When it becomes known that he never actually said the things he stood accused of saying, no mea culpa, no apology, only an equally scurolous retreat to a more generic position of “Well, he’s said other offensive things, so he still shouldn’t get the position.” This from the mouths of people who have been far more hypocritcal and much less forthcoming about the unsavory information in their own personal lives. And in the meantime, people who have the power to successfully resist this attack, and actually stand on character and principle themselves choose instead to cave in, and grant this unprincipled and scheming indivuals more power then they deserve or are capable of responsibly wielding.
That was dispicable. Truly, I don’t know who sickens me more, the race-pimps for assuming that they can destroy a man’s desires and endeavors because they have decided he is a racist, and believe that it is perfectly ok to lie to achieve their desired result, or the spineless owners and owner wanna-bees who, even with the knowledge of the lies, decide to empower the lies and the liars by giving them their desired result.
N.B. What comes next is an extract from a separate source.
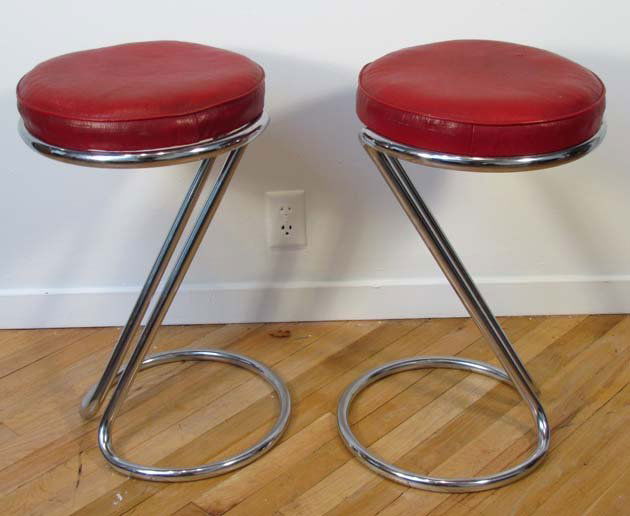 Pair "Z" stools by Gilbert Rohde for Troy Sunshade: Artist: Gilbert Rohde Title: Red leather and chrome Medium: chrome and leather Dimensions: 24.5 inches tall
Unlike you, I know that the remarks you point to were not seated in racist beliefs, but instead in asking serious questions and trying to have the kind of conversation that our Attorney General wagged his finger at the country earlier this year about us being too cowardly to have. Questions about a black man and his qualifications for a job aren’t automatically racist simply because he is a black man. Questions that probe whether or not he has the job because of his color of skin might poke at a sense of entitlement of the kind that has grown since the implemetation of affirmative action, but that does not make the question or the questioner racist. The most revealing part of this is that if it had actually been about what Rush really did say, and not lies of convenience, then we could have once again had an opportunity for an honest discussion of the type we were scolded for not having, and this would have faded away in time, because as much as the Jesse Jackson’s and Al Shaprton’s of the world wish with all their hearts that it were otherwise, there simply is no “there” there.
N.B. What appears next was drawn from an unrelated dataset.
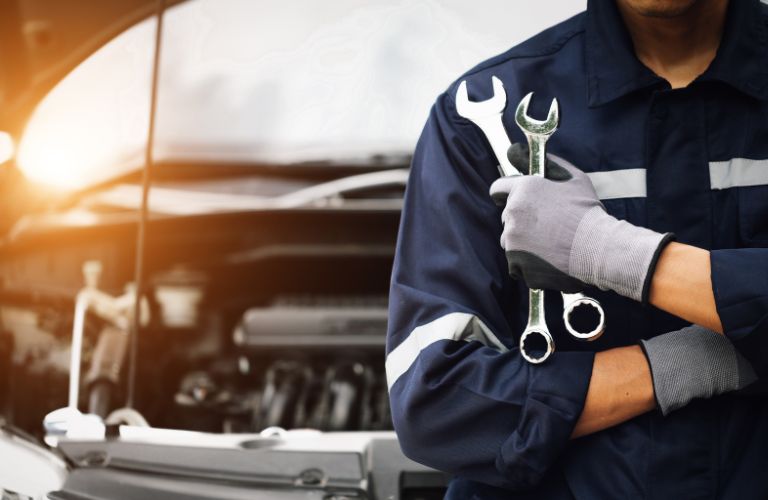 a technician holding tools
Thanks for the welcome BiW. Clearly if the main thrust of your post is about the reprehensibility of slandering a man, then you are 100% on the money.
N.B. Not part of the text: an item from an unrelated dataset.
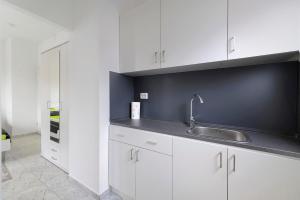 a kitchen with white cabinets and a sink at Haus Rosa in Albstadt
Further, even if we discard the false claims and stick to the real ones, I’m surprised that your outrage is not targeted toward the team that invited Rush to the party, so to speak. As you present it, they were warned by Rush that things might get rocky. They said, “don’t worry” and then when the entirely predictable reaction came (rightly or wrongly), the bid team lost its balls and threw Rush to the curb. Your outrage at Sharpton is wasted … he is what he is and you know what to expect from him. Rush got screwed by his own “friends”.
Finally, it is very hard to determine who is a racist and who isn’t. I suspect Rush likes to piss people off, both for ratings and for a bit of a visceral thrill. I would not declare Rush a racist. I don’t think Don Imus (of “knappy headed ho’s” fame) is a racist. I don’t even think dumbass Bil O’Reilly (paraphrase: “I was surprised that none of the customers at Sylvia’s said ‘hey where’s my motherfu*kin’ iced tea?”) is racist.
Perhaps though, folks who are not racist but simply ignorant need to be enlightened lest they embolden true racists? I’m just sayin’.